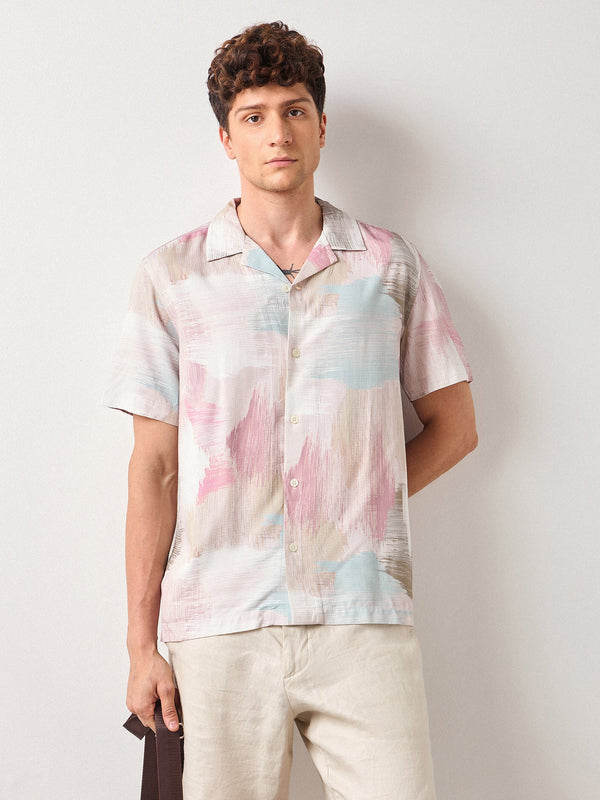 Relaxed Fit Abstract Print Shirt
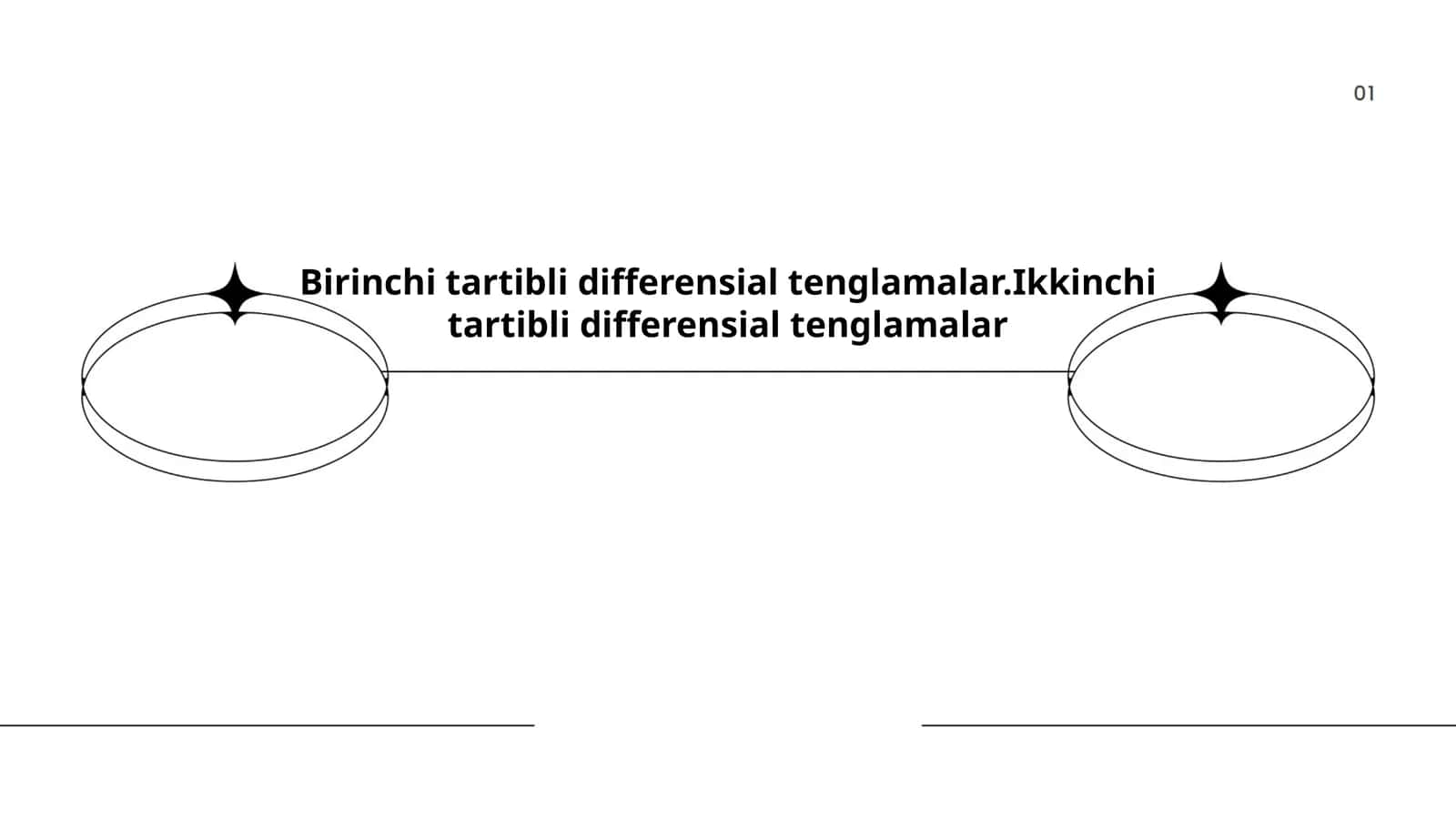 Birinchi tartibli differensial tenglamalar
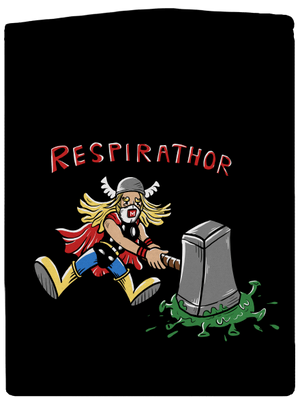 Respirathor cipzáras női pulóver Black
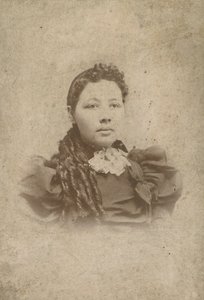 Cabinet Card of an Unidentified Member of the Vass Family by Sidney Rufus Alley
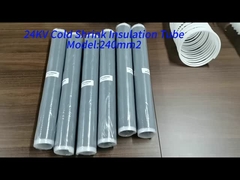 Juntas de contracción en frío de grado profesional negro para cables poliméricos de voltaje medio de un y tres núcleos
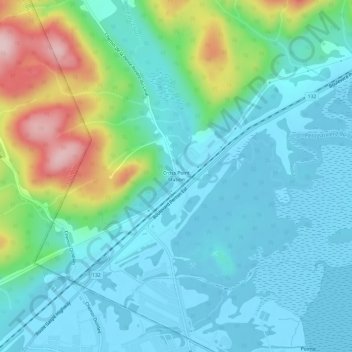 Cross Point Station topographic map, elevation, terrain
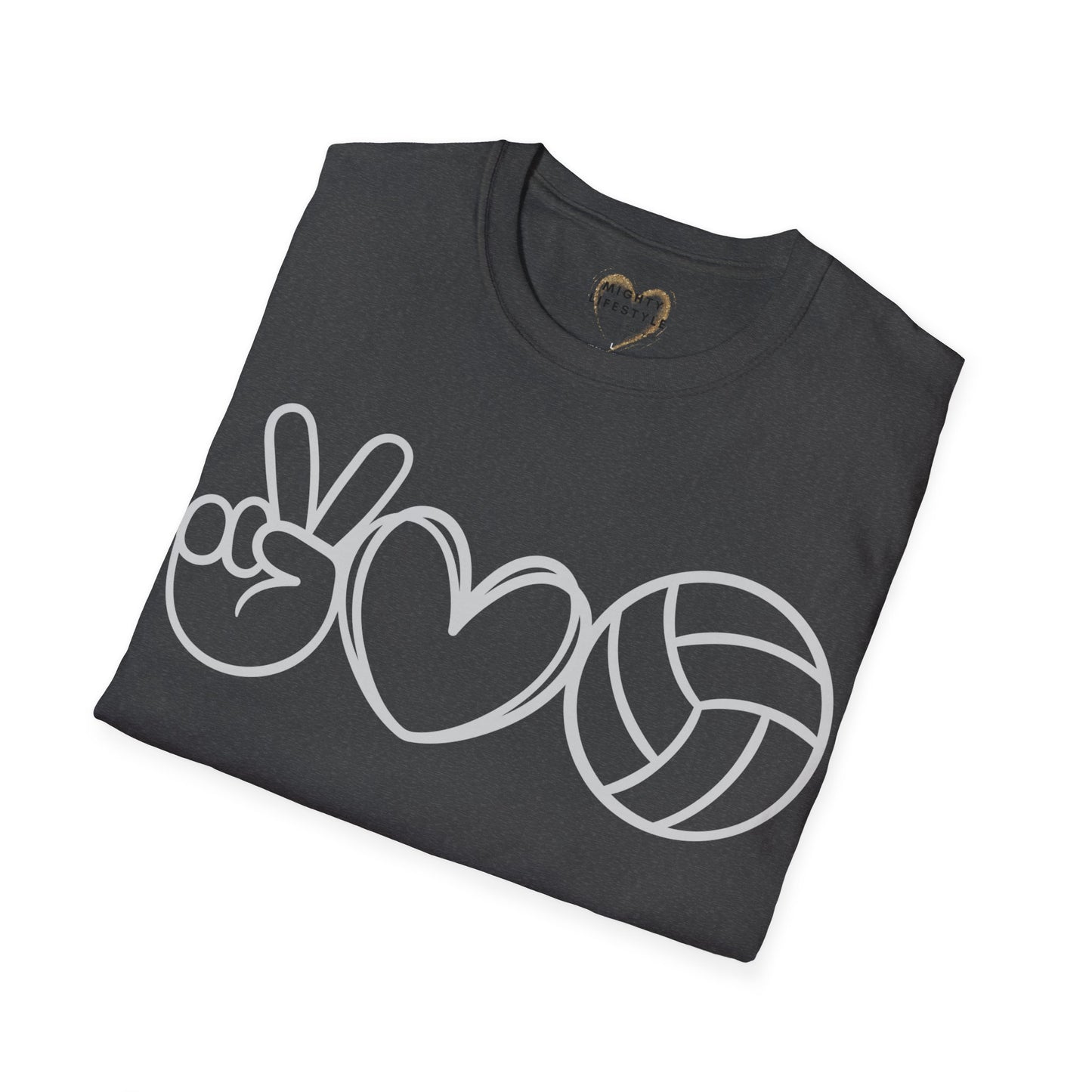 PEACE LOVE VOLLEYBALL, Shirt for baller, Shirt for Volleyball Player, Gift for Coach, Gift for Athlete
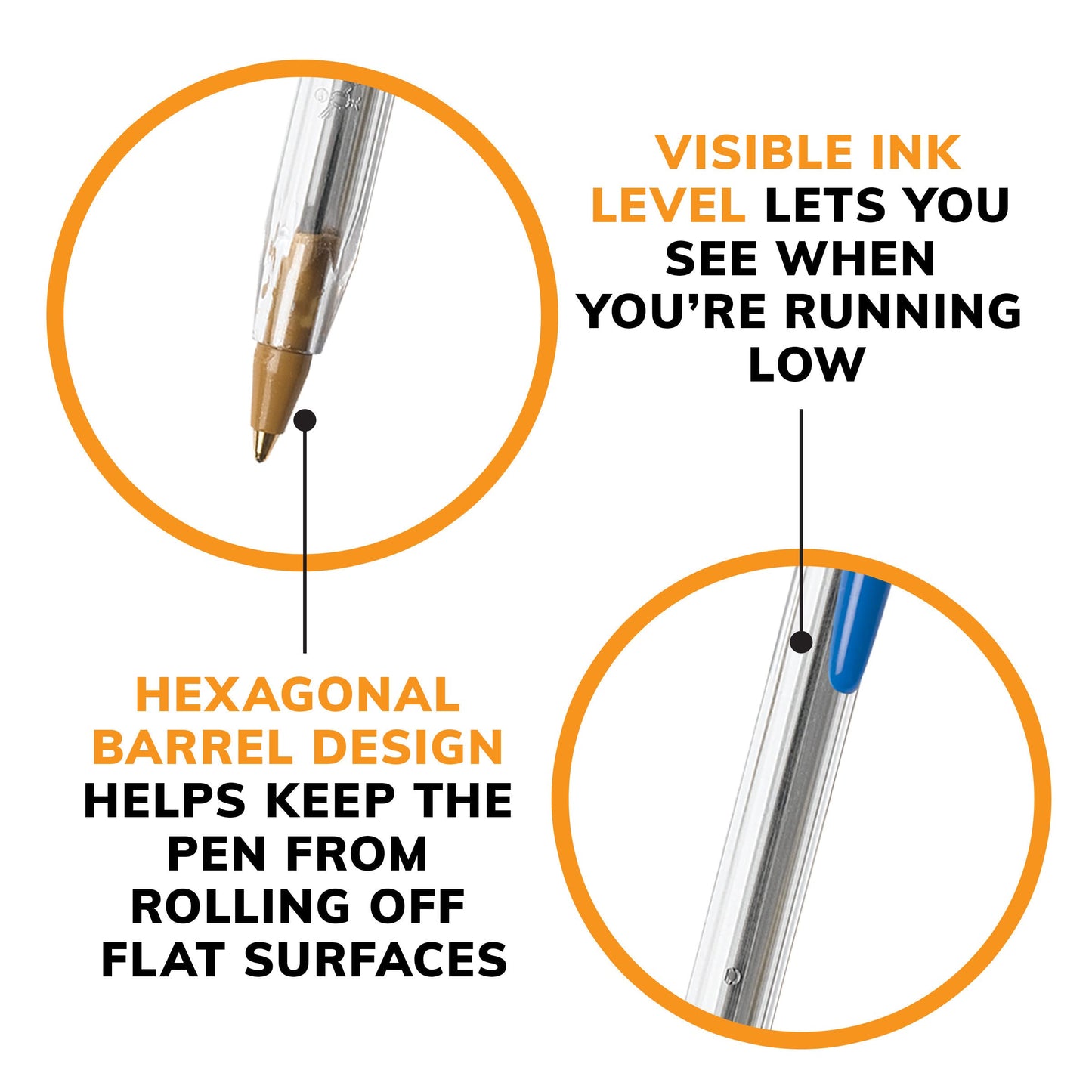 Blue ballpoint pens, 24-pack, smooth and reliable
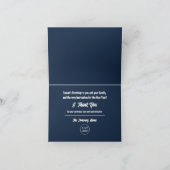 Santastisch, seizoensarbeider bedankkaart (Binnen)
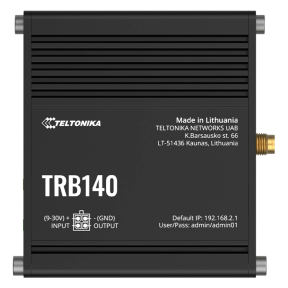 Teltonika TRB140 – Промышленный LTE-шлюз (4G Cat 4, 1xGbE, Modbus, OpenWrt, IP30) фото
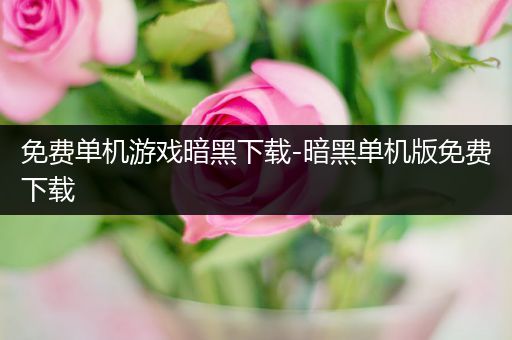 免费单机游戏暗黑下载-暗黑单机版免费下载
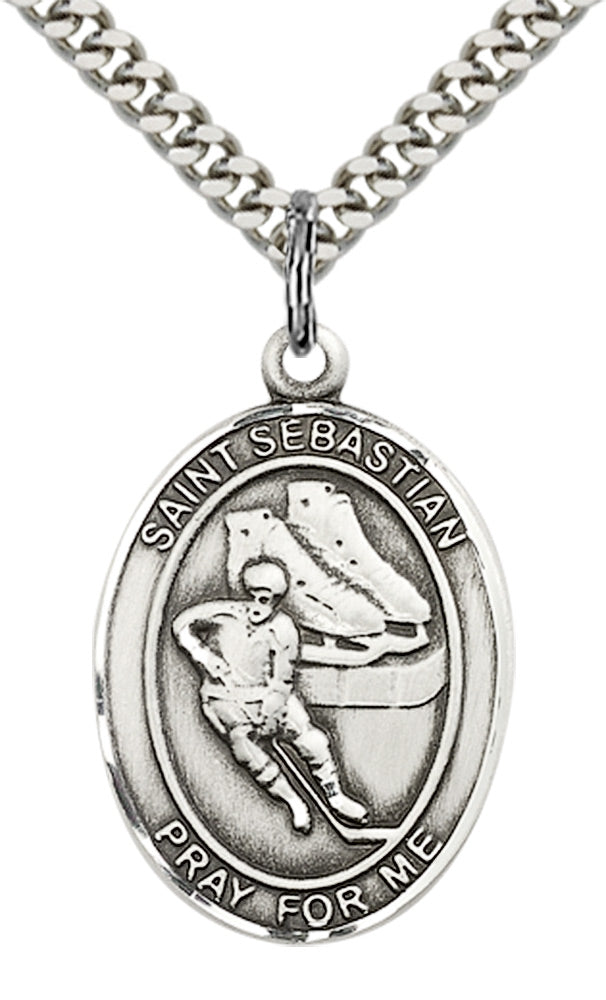 Saint Sebastian Hockey Pendant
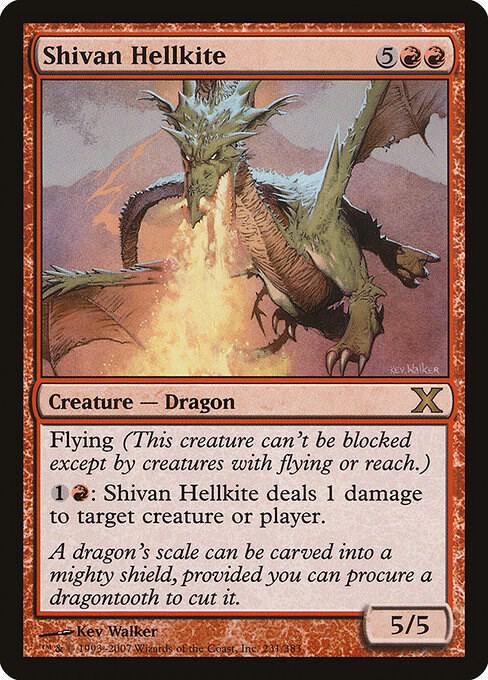 Shivan Hellkite 231 card from 10th Edition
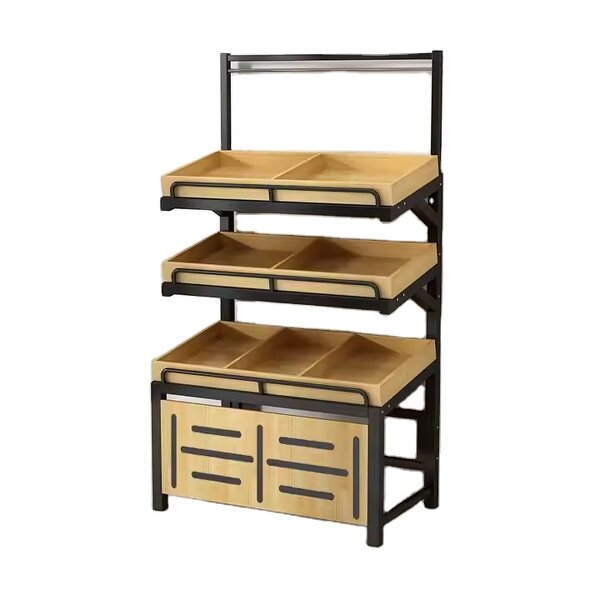 Supermarket Shelf Manufacturer - OEM Multi Functional Vegetable Display
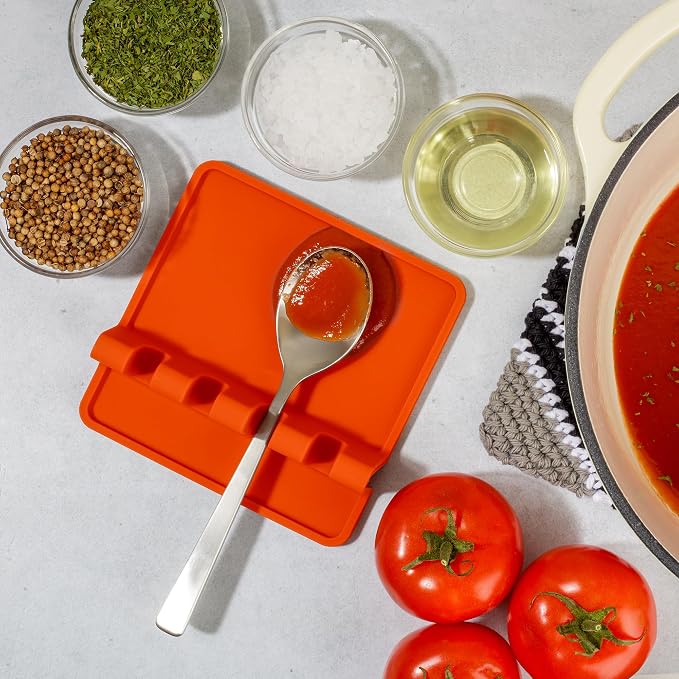 Zulay Kitchen Silicone Utensil Rest - Image 6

▶ [Directions for this task]:
Apart from its pictures, the data is to be repeated exactly.

▶ [Task response]:
 Relaxed Fit Abstract Print Shirt
 Birinchi tartibli differensial tenglamalar
 Respirathor cipzáras női pulóver Black
 Cabinet Card of an Unidentified Member of the Vass Family by Sidney Rufus Alley
 Juntas de contracción en frío de grado profesional negro para cables poliméricos de voltaje medio de un y tres núcleos
 Cross Point Station topographic map, elevation, terrain
 PEACE LOVE VOLLEYBALL, Shirt for baller, Shirt for Volleyball Player, Gift for Coach, Gift for Athlete
 Blue ballpoint pens, 24-pack, smooth and reliable
 Santastisch, seizoensarbeider bedankkaart (Binnen)
 Teltonika TRB140 – Промышленный LTE-шлюз (4G Cat 4, 1xGbE, Modbus, OpenWrt, IP30) фото
 免费单机游戏暗黑下载-暗黑单机版免费下载
 Saint Sebastian Hockey Pendant
 Shivan Hellkite 231 card from 10th Edition
 Supermarket Shelf Manufacturer - OEM Multi Functional Vegetable Display
 Zulay Kitchen Silicone Utensil Rest - Image 6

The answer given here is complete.